Today, Bryan Johnson, CEO of Braintree Payment Solutions, wrote an open letter to Authorize.NET and PayPal about the importance of credit card portability. It's a major problem in the industry that affects us as well. At Recurly, we're proud to join the Credit Card Data Portability Standard initiated by Braintree.
For whatever reason, if you use Recurly and you decide to use another provider down the road, we will return to you all your credit card data in a secure, encrypted format. Your customer data belongs to you and we are not going to hold your data hostage.
The Dangers of Authorize.NET CIM
Once upon a time, a previous company I worked with used Authorize.NET's CIM to store credit card numbers for all their customers. Unfortunately for the company, they were too successful... their revenue grew and there were zero chargebacks. With increased revenue, the merchant bank became concerned with the increase in liability. So, the bank closed the merchant account. No big deal, except the company signed up for an Authorize.NET account through a referral from a bank. That prevented Authorize.NET from letting the company switch merchant accounts. Authorize.NET's answer: go get a new payment gateway account and bank account.
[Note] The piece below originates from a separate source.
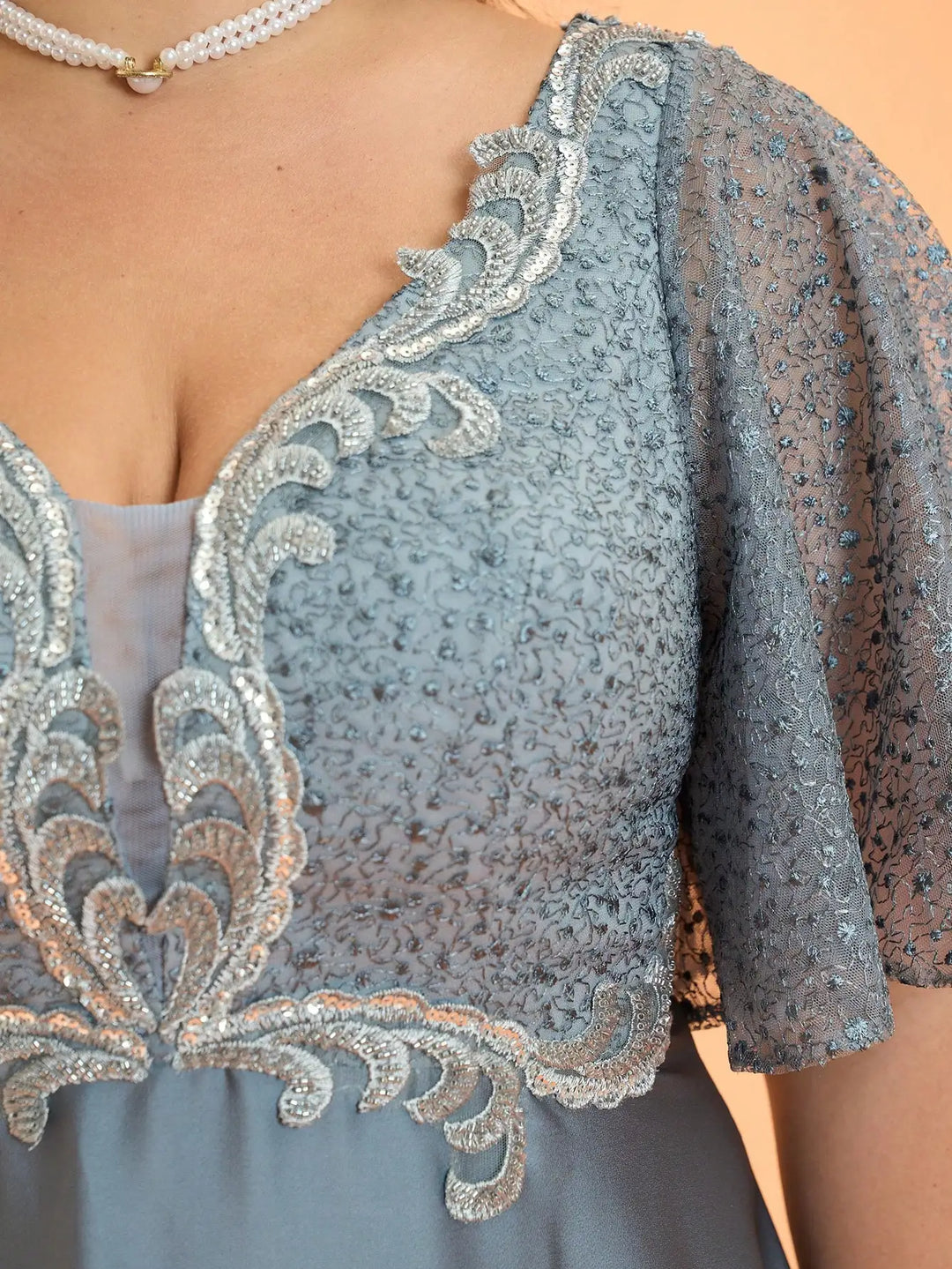 Luxurious Flared Sleeves Curvy Women's Party Gown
Oh, and forget about ALL of your customer's credit card numbers.
With today's payment providers, there is little reason for a merchant to ever store the sensitive credit card numbers. However, you should carefully consider whether you own your card data when you pick a payment provider. Braintree will return your card data to your company. Recurly will too.
This idea is not new to Recurly. Since day one, we have been willing to return any data to any client. I want to thank Bryan for doing his part to educate the market.